En quatre ans, cette production du Ring, tout en gardant ses fondamentaux et son rapport iconoclaste à la geste wagnérienne a subi quelques évolutions (1). Si la mise en scène de Frank Castorf rencontre la même opposition d’une partie du public (la représentation de Siegfried a de nouveau été huée cette année à la vue des crocodiles d’Alexanderplatz), notre point de vue s’est quant à lui modifié.
 
L’imagination de ce grand homme de théâtre plonge en effet à sa manière parfois déjantée dans le tréfonds de l’âme germanique et propose une vision très personnelle des événements qui ont conduit à la chute du communisme et à la mise en place de l’Allemagne néo-libérale. Le capitalisme y est certes stigmatisé (les nombreuses références à la crise du pétrole, au Dieu fric cher à Brecht), mais sans obérer le sens du fantastique, les souvenirs d’enfance et un regard sur le monde à travers la bande dessinée tel que Bettelheim le portait sur les contes de fées.

Marek Janowski © DR
 
A la place du remarquable Kirill Petrenko (appelé à d’autres tâches avant de prendre les rênes de la Philharmonie de Berlin), Marek Janowski fait, à 78 ans, son entrée au Festival de Bayreuth. La perspective s’en trouve quelque peu bouleversée dans la mesure où le chef, très critique depuis longtemps à l’égard des mises en scène modernes, préfère s’attacher au caractère symphonique du Ring au détriment de son aspect théâtral. Cela nous vaut de très beaux moments (Chevauchée des Walkyries, Marche funèbre de Siegfried…), une qualité de nuances et une volonté d’alléger le discours, un profond sens de la rhétorique wagnérienne et de la continuité narrative (Siegfried) mais peut aussi présenter une certaine neutralité (L’Or du Rhin manque d’arêtes, le début de La Walkyrie de tension et le souffle tellurique fait défaut au final du Crépuscule des Dieux). Sous cette baguette techniquement parfaite et expérimentée, subtile, dosée, la musique de Wagner se déroule tel un long fleuve mais paraît en décalage avec l’effervescence du plateau, où les chanteurs, faisant face le plus souvent au public, paraissent toutefois moins mobiles qu’auparavant.

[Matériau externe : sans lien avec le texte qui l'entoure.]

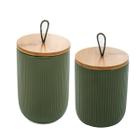 Kit Conjunto 2 Potes Potiche De Cerâmica Tampa Bambu Pequeno e Grande Lines Verde
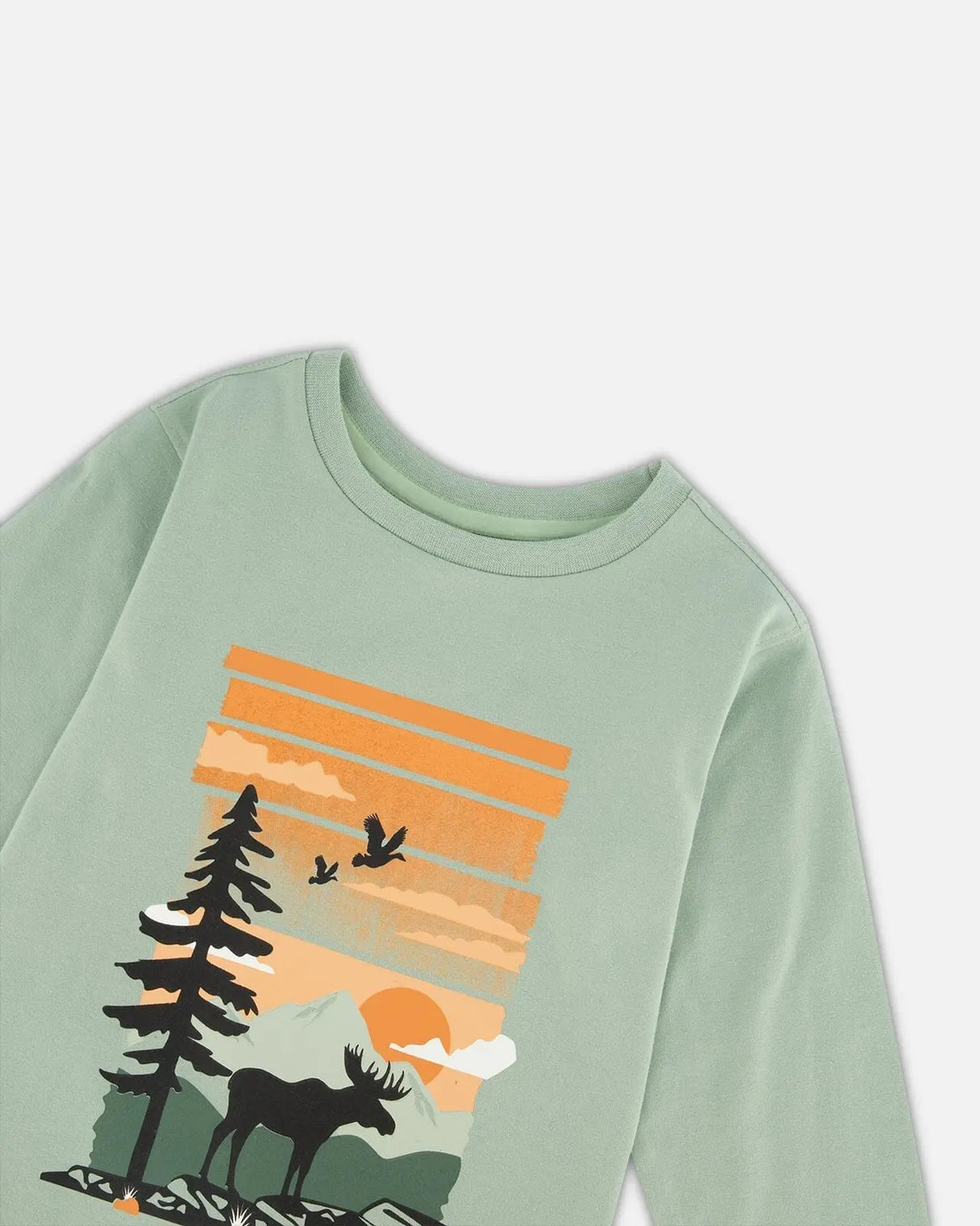 Long Sleeve T-Shirt With Print Sage | Deux par Deux | Jenni Kidz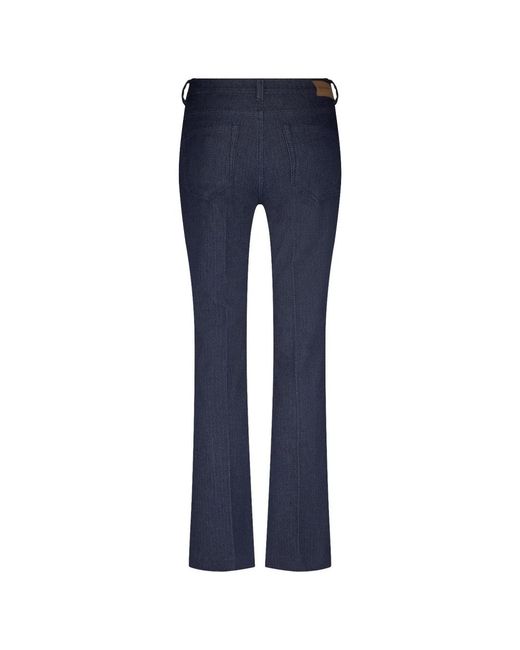 Red Button Donkerblauwe Herringbone Flare Jeans in het Blue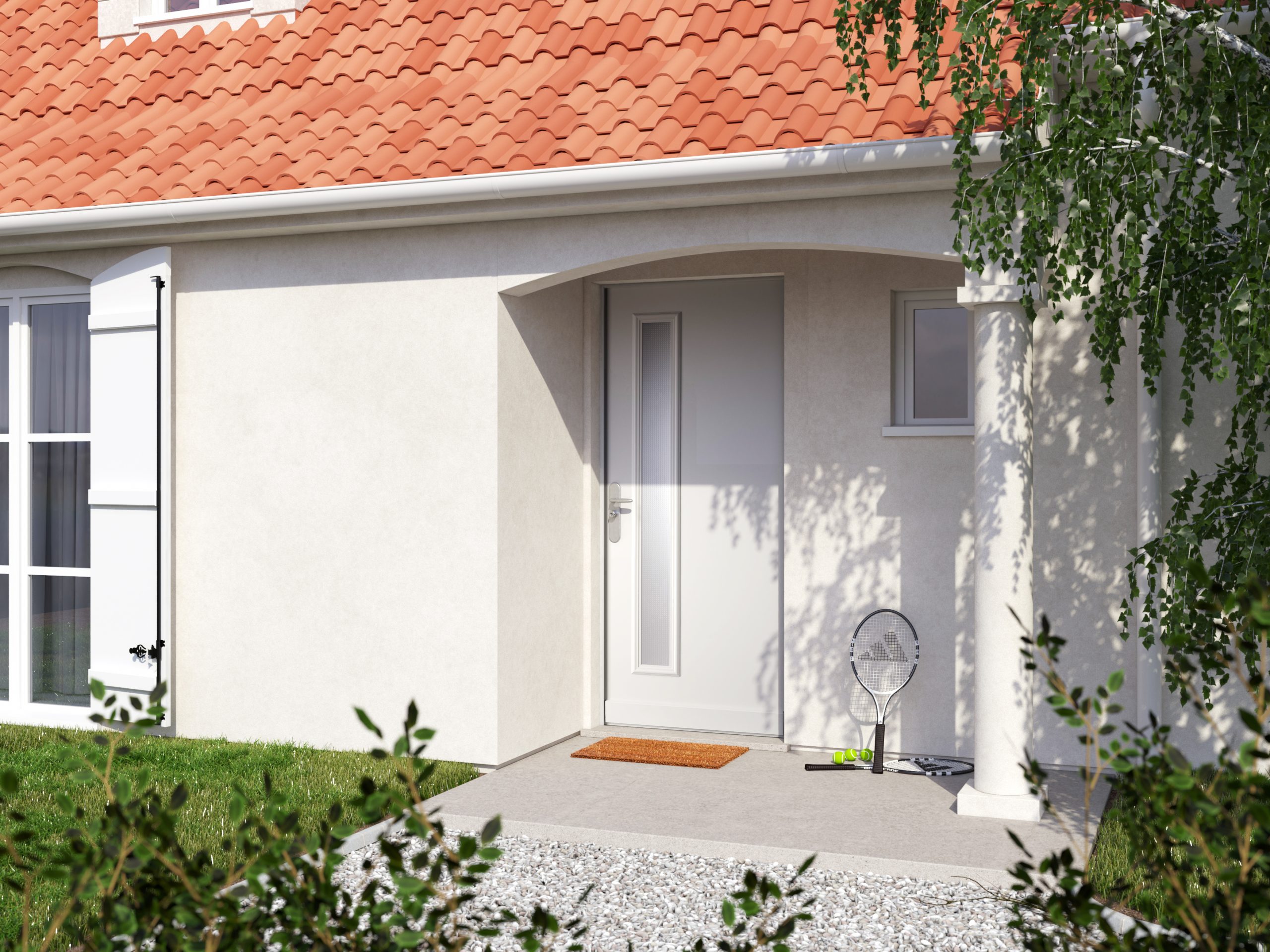 porte en aluminium blanche avec un vitrage rectangulaire verticale du coté de la poignée.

L'Or du Rhin © Bayreuther Festspiele / Enrico Nawrath

La distribution a subi quelques changements. Très contesté en Siegfried, Lance Ryan a fait place à Stephan Vinke qui surmonte tous les écueils de son personnage avec autorité, endurance et projection bien que son chant ne soit pas le plus beau du monde.
Remplaçant Johan Botha, Christopher Ventris triomphe en Siegmund face à l’imposante Sieglinde de Heidi Malton dont l’ampleur d’intonation demanderait plus de finesse.
 
Superbe Alberich d’Albert Dohmen, homme de théâtre et timbre profond qui irradie par son incarnation d’une grande humanité. Sans être le Wotan de légende (que l’on n’attend hélas plus !), John Lundgren réussit à tirer son épingle du jeu, plus que Iain Paterson bien faible dans le même rôle pour le seul Or du Rhin.

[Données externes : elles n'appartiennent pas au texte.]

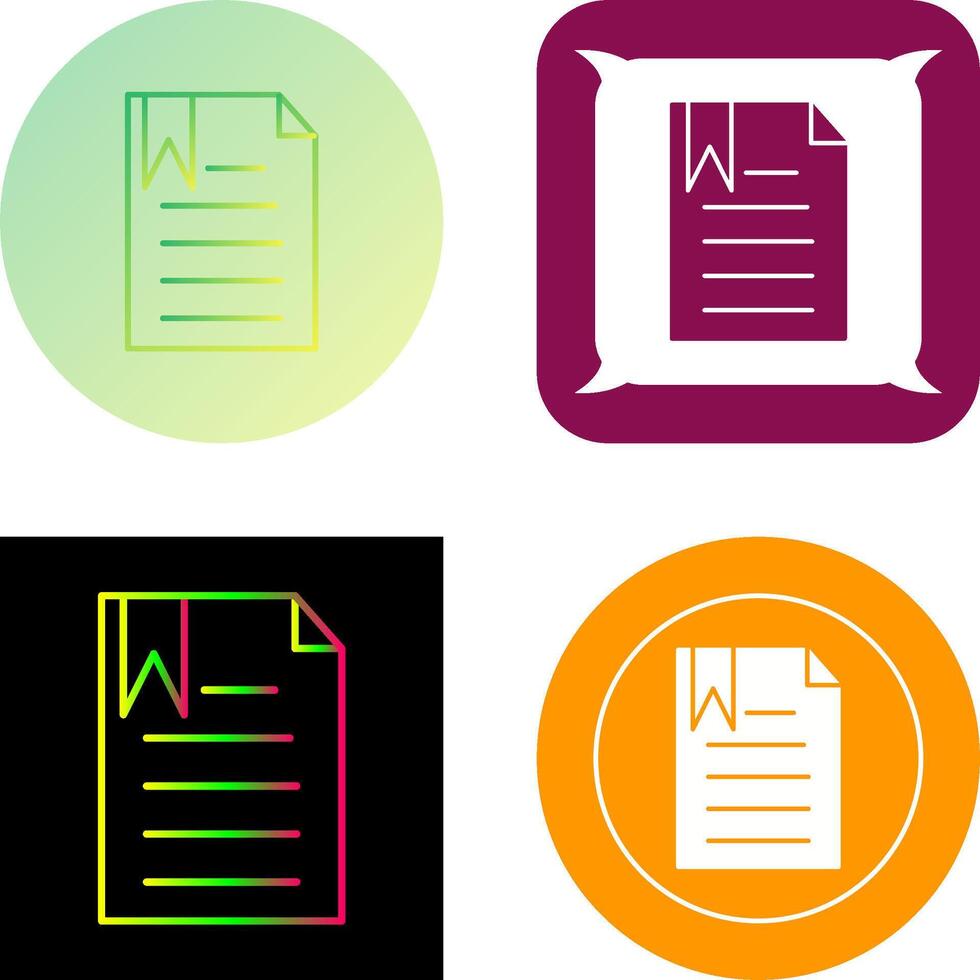 Unique Bookmarked Document Icon Design vector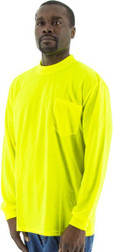 Majestic Glove 75-5045 100% Bird's Eye Mesh Polyester Site Safety Moisture Wicking Non-ANSI Long Sleeves T-Shirt - front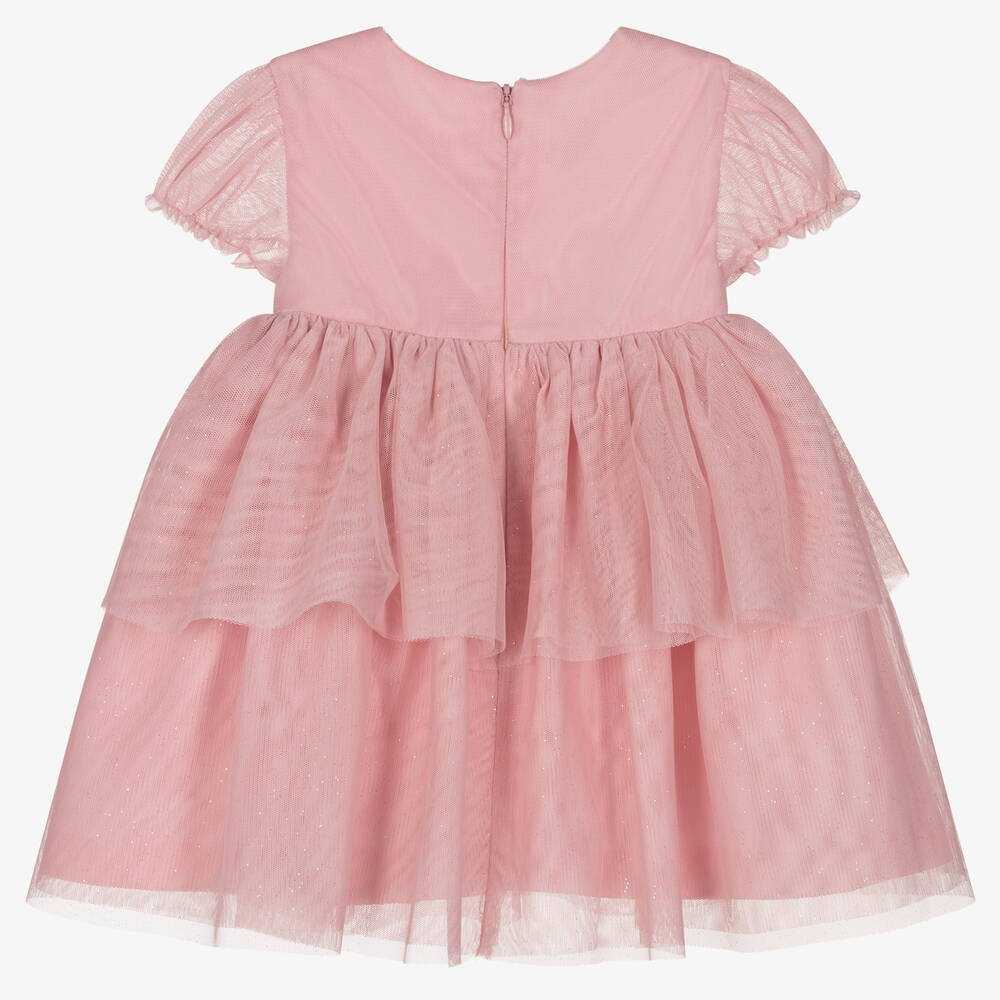 مايورال-فستان أطفال بناتي مزيج قطن وتول غليتر لون زهري | Childrensalon Outlet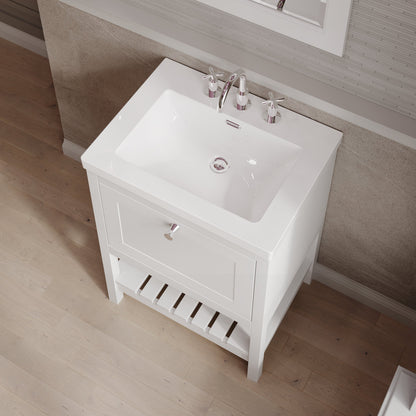 Hudson Reed Bexley 600mm Pure White Floor Standing 1 Drawer Vanity Unit with 3 Tap Hole Basin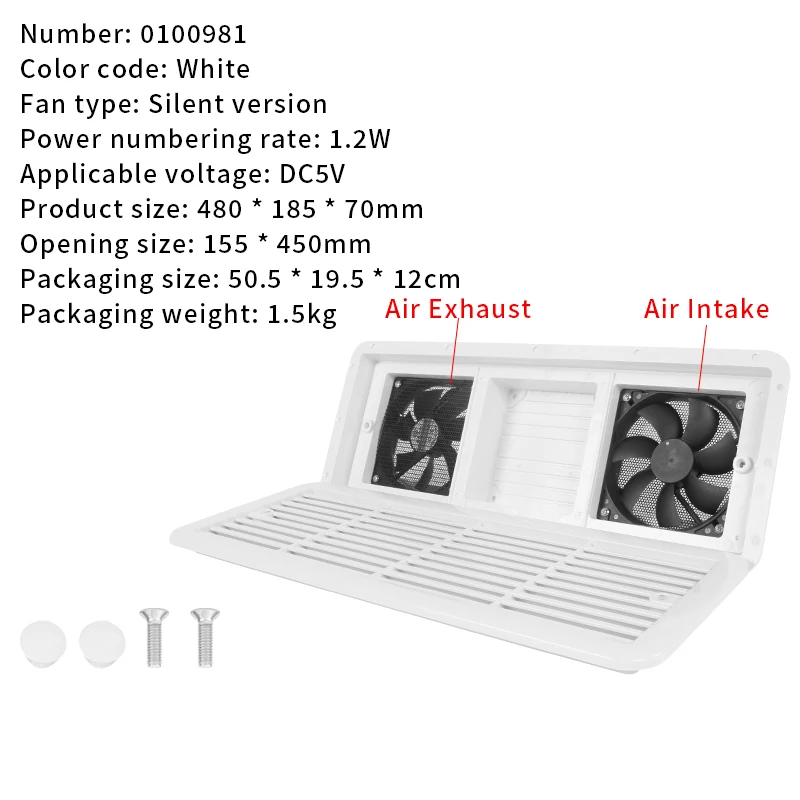 

TYTXRV Аксессуары для автодома Вентиляционная решетка для автодома ABS Пыленепроницаемый караван Двусторонний боковой выпускной вентилятор Вытяжной вентилятор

Siegfried © Bayreuther Festspiele / Enrico Nawrath

Omniprésent à Bayreuth, Georg Zeppenfeld a toute la prestance vindicative de Hunding ; en Mime, Andreas Conrad joue la carte ludique, favorisé par la conception imposée par le metteur en scène.
Admirable Fafner de Karl-Heinz Lehner dont la méchanceté et la cupidité transpirent en regard de la tendresse lyrique de Günther Groissböck en Fasolt. La Fricka de Sarah Connolly reste en retrait par rapport à l’autorité insupportable du personnage, alors que la prestation de Stéphanie Houtzeel en Waltraute de La Walkyrie (elle est aussi la Wellgunde des filles du Rhin) se révèle bien plus charismatique que celle de Marina Prudenskaya qui prend sa relève dans Le Crépuscule des Dieux.
Parmi les valeurs sûres, Catherine Forster a pris de l’assurance depuis 2013 et sert avec intelligence le rôle de Brünnhilde : elle impressionne par sa présence dans Les Adieux de Wotan ou dans L’Immolation du Crépuscule des Dieux.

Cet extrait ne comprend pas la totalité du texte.